Tuesday, June 16, 2009

Pipes not Poetry



The Digital Britain report is about pipes, not poetry, and spreads an underwhelming layer of digital varnish across a hopelessly wide range of services. It has stopped short of shoring up unsustainable businesses – Channel 4 and the BBC can form a partnership if they wish, but little pressure here and certainly no forced marriages. The BBC should be a public service partner to media companies, not a virulent competitor, says the report. There should be more focus on a new model for local news which will please some regional newspaper groups but will not begin to replace the money they have already lost and will continue to lose.

It isn't much of an electrifying vision, more a well-intentioned attempt to square the impossible circle of supporting innovation and disruption while exercising crowd control so the feeble and ailing don't all get trampled in the rush.
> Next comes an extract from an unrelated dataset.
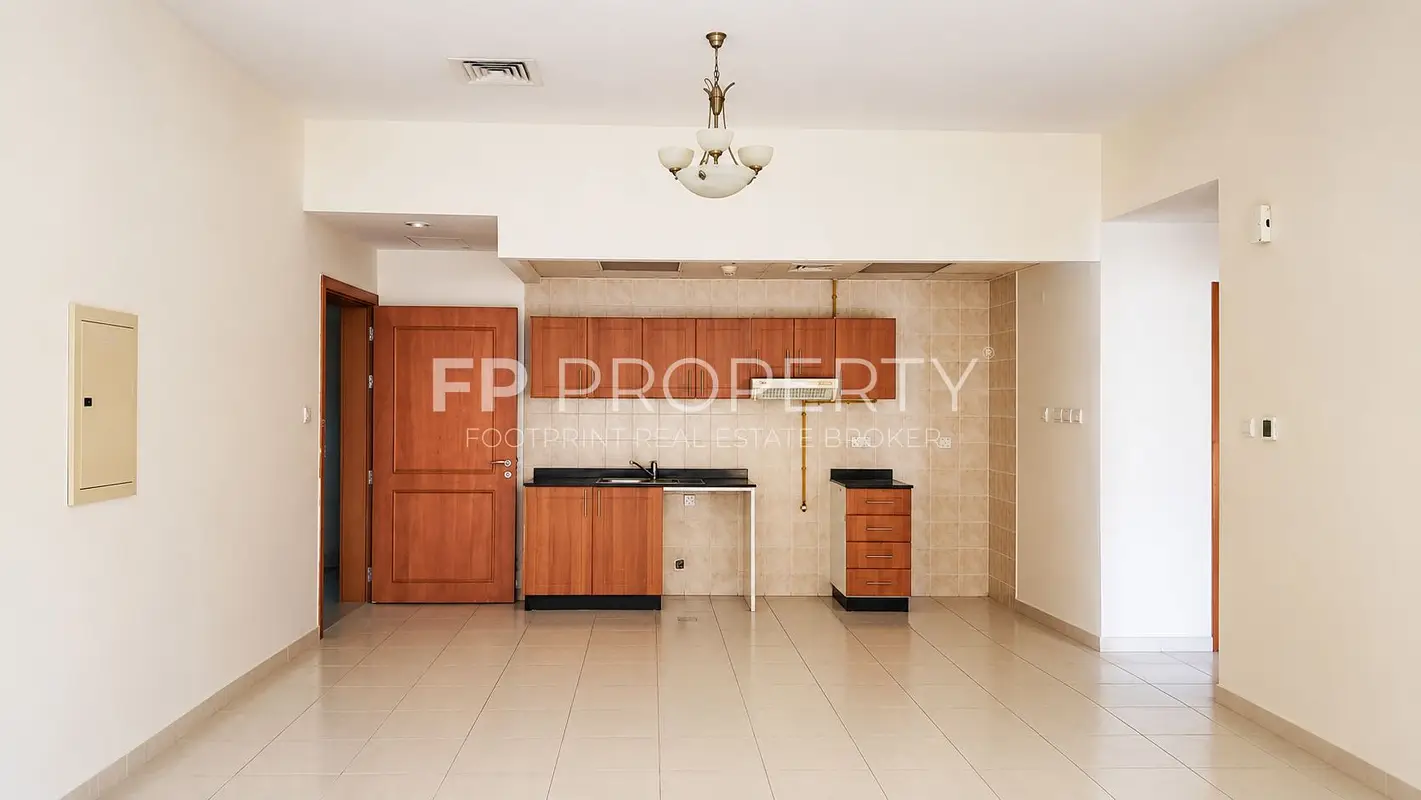1BR Apartment-Spacious Size-Mid Floor-Ready to Move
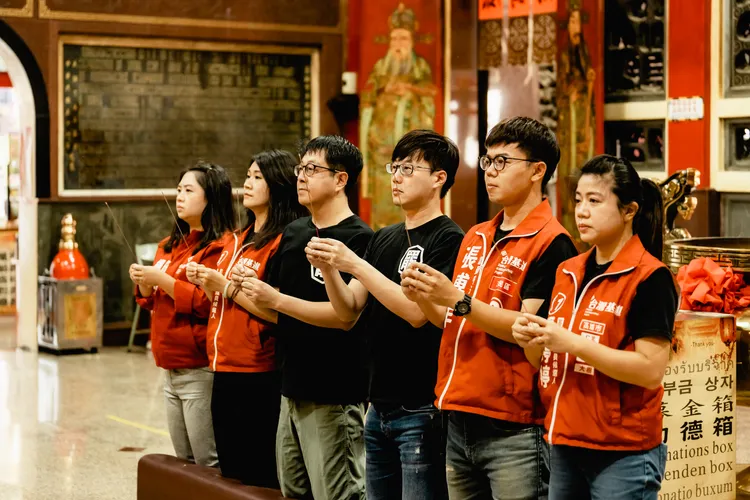 張博洋(右2)表示，被罷免的草包推薦空降又空話的參選人，顯示國民黨至今毫無歉意。基進提供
Those who might be classified as "at risk" which includes the majority of existing UK media brands in one way or another, might all find a crumb of comfort somewhere in the 237 pages, but there is nothing here likely to sustain those who are unable or unwilling to institute some fairly radical self-help.

From Emily Bell in the Guardian.

So how does the radical "self help" begin? Now there's the question. Particularly taken with the NESTA stuff in DB. "Test-beds" et al. More, later. To go poetry rather than pipe, this report is for recollection in tranquility, not shrill blasts.